L’emploi de drones militaires n’est pas un sujet récent. Déjà, pendant la seconde guerre mondiale, des tentatives de transformation de certains avions de chasse et bombardiers furent menées, ainsi que d’employer des systèmes télécommandés pour mener des reconnaissances à courte portée. Durant la guerre du Vietnam, les forces américaines employérent fréquemment des drones pour mener certaines missions de reconnaissance risquées, ou pour amener les défenses anti-aériennes nord vietnamiennes à se révéler. Mais la première armée qui fit un usage intensif et coordonné des drones au combat fut l’armée de l’air israélienne qui, en 1982 lors de l’opération Paix en Galilée, employa intensément des drones pour localiser et détruire les défenses anti-aériennes syriennes SA-2, SA-5 et SA-6 qui menèrent la vie dure aux forces aériennes israéliennes 9 ans plus tôt lors de la guerre du Kippour. Quelques dix années plus tard, inspiré par les succès israéliens, l’américain d’origine irakien Abraham Karem conçu le drone Predator, premier drone Moyenne Altitude Longue Endurance ou MALE américain, créant au passage l’entreprise qui aujourd’hui controle l’essentiel du marché des drones de combat en occident, General Atomics.

Que ce fut au Moyen-Orient, en Afghanistan, en Afrique ou en Asie-Pacifique, les drones de combat ont depuis pris part à une grande partie des opérations de surveillance et de frappes sur des théâtres de moyenne à basse intensité.

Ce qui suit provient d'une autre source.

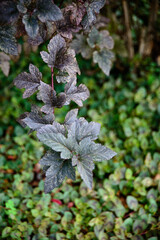 ガンメタリックの葉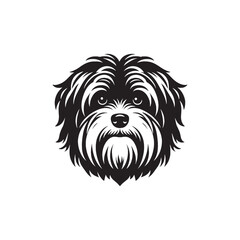 Havanese Dog Vector - Illistration of Havanese dog Silhouette - Havanese dog silhouette.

Le MQ-1 Predator, d’une tonne et de 16 mètres d’envergure, capable d’emporter au mieux deux missiles Hellfire, céda sa place dix années plus tard au MQ-9 Reaper de 4,5 tonnes et de 20 mètres d’envergure, capable d’évoluer deux fois plus haut à des vitesses deux fois plus importantes que son prédécesseur, tout en emportant jusqu’à 8 missiles Hellfire ou 2 bombes guidés de 250 kg GBU-12 Paveway II. Dans le même temps, des drones plus imposants et évoluant plus haut apparurent, comme le MQ-4C Triton de 15 tonnes et 40 mètres d’envergure, spécialisé dans les missions de surveillance à haute altitude. A l’opposé du Triton, le turc Baykar développa le drone MALE léger TB2 Bayraktar qui se distingua en Libye, en Syrie, en Arménie et plus récemment en Ukraine. Malgré une envergure de seulement 12 mètres et une masse maximale de 700 kg, le petit drone de combat turc s’est distingué grâce à d’excellentes capacités de conduite d’artillerie, mais également grâce à un arsenal de munitions légères très efficaces, y compris contre des cibles blindées et retranchées.

Le MQ-9 Reaper offre des performances et des capacités d’emport considérablement plus importantes que le MQ-1 Predator

La dynamique drone est donc désormais fermement implantée dans les armées du monde entier. Toutefois, outre Atlantique, industriels et militaires sont engagés dans un effort aussi ambitieux que discret, afin de doter les forces armées américaines d’une nouvelle génération de drones aux performances et capacités sans commune mesure avec ceux actuellement en service de par le monde. Qu’il s’agisse de l’US Air Force, de l’US Navy, du Marines Corps et du l’US Army, toutes les armées américains, épaulées du departement de La Défense et de la DARPA, sont engagées dans une trajectoire destinée non seulement à intégrer la réalité drone à tous les niveaux de l’engagement, mais également à disposer de drones ayant une avance technologique marquée sur leurs éventuels compétiteurs, qu’ils soient sur le champs de bataille ou dans les salons feutrés des salons de l’armement, et ce avant la fin de la présente décennie.